Meet Joyce Romanoff, President of Skokie-based wall coverings company, Maya Romanoff.
She is focused on thoughtfully growing the company’s line of products without sacrificing its culture of cooperation and connection.
Romanoff also serves on the Exhibitions Committee for the Museum of Arts & Design in NY and on the Advisory Boards for HD Expo and HD Boutique.
What initially resonated with you about Maya Romanoff?
Actually, it was meeting Maya and trying to figure out what he did. Hand-painted wall coverings were very foreign to me. It was something that never really came to my attention. It was the appeal of the artistry and him as the visionary that attracted me.
How is the culture of the company unique?
The logo really typifies the culture of the company. The lotus is intertwining of people, materials and cooperation. I think it’s the Ying and the Yang, the balance that we’re able to create in this company that makes it so viable.
Most of your wall coverings are manufactured at your Skokie facility, correct?
We have 65 people and they’re all under this roof. Forty-five of them are painting or doing some type of product development.
How have you changed the business?
My husband ran the business for many years and was not a big risk taker.

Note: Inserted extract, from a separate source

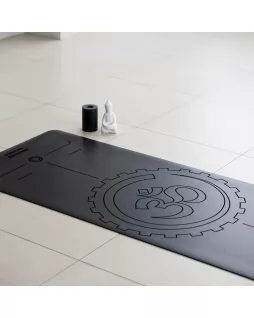 Коврик для йоги — Movement Art Grey, с уроками Культура Движения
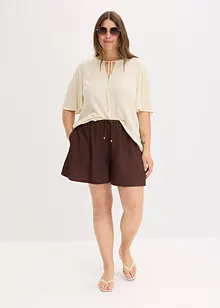 Dra på-shorts i kräppat material med struktur, bonprix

He ran the business without any debt. I keep that in mind, but I also want to grow the business.
How do you expand the business and keep it afloat and not have too many expenses and obligations? How have you approached that?

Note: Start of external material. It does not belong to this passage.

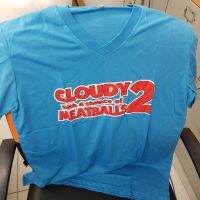 เสื้อ CLOUDY 2 MEATBALL สีฟ้า SIZE M เสื้อหนัง (เสื้อcloudy2-sizeM) เสื้อ เสื้อผ้า เสื้อยืด clothes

We’re always looking to the next incarnation of the product, which makes things interesting. We also listen to designers. What’s not out there? What materials would you like to work with? We’re able to act on it very quickly.
I was shopping in a store in Hong Kong, and I picked up a little Mother-of-Pearl dish. I tracked down who purchased that dish and where they purchased it, ran to the factory and did the deal on one trip. I wish it happened like that more often, but when it does happen, it’s very exciting.

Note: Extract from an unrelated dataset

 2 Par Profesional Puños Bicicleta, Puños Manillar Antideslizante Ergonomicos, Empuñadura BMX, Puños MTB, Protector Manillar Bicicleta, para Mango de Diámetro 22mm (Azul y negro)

Are you ever worried a new product won’t catch on?
When we make a decision to make a product, it’s very expensive. I like to have educated partners to help me make decisions and we have those people who work for us.
How do you respond to trends?
I believe we’re trend makers. We try to create classics. When we go through the trouble of making something perfect, we don’t want to see it go out of style. We have products that are 20 years old plus that are still in our line.
And now you have the new showroom at the Merchandise Mart!
The showroom is 40 years in the making. It really transcends anything I thought we would ever have in Chicago. It really shows who we are. It’s really a crowning achievement of mine. I can’t believe we did this. Our employees were the first people who walked through the doors, because they made it. It was a good way to start off.